START The input

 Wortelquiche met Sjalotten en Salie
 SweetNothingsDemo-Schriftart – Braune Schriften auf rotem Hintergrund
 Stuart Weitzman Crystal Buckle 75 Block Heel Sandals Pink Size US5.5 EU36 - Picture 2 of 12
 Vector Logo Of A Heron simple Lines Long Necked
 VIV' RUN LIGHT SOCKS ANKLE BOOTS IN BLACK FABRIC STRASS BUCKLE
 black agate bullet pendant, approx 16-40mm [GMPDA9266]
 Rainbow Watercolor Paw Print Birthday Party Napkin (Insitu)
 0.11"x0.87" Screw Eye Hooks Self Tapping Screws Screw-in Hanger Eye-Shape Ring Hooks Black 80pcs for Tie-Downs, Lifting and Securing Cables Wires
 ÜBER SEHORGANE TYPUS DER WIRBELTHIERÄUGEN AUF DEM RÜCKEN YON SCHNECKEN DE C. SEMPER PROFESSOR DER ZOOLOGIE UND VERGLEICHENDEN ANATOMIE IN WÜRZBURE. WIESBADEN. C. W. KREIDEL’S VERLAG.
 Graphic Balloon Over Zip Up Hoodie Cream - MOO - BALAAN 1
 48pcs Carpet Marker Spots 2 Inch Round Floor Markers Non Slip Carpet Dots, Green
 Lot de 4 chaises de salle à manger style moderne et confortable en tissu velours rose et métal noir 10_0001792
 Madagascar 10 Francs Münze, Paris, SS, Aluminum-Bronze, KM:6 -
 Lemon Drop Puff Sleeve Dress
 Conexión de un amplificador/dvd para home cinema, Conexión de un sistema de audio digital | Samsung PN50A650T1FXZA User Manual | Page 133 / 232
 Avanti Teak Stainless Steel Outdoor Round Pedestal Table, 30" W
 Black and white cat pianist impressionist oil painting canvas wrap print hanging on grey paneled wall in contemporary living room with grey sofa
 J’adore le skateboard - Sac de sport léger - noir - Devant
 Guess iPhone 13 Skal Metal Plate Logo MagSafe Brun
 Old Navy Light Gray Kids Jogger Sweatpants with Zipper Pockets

END The input

For each line above that contains "with", make a copy.

 Black and white cat pianist impressionist oil painting canvas wrap print hanging on grey paneled wall in contemporary living room with grey sofa
 Old Navy Light Gray Kids Jogger Sweatpants with Zipper Pockets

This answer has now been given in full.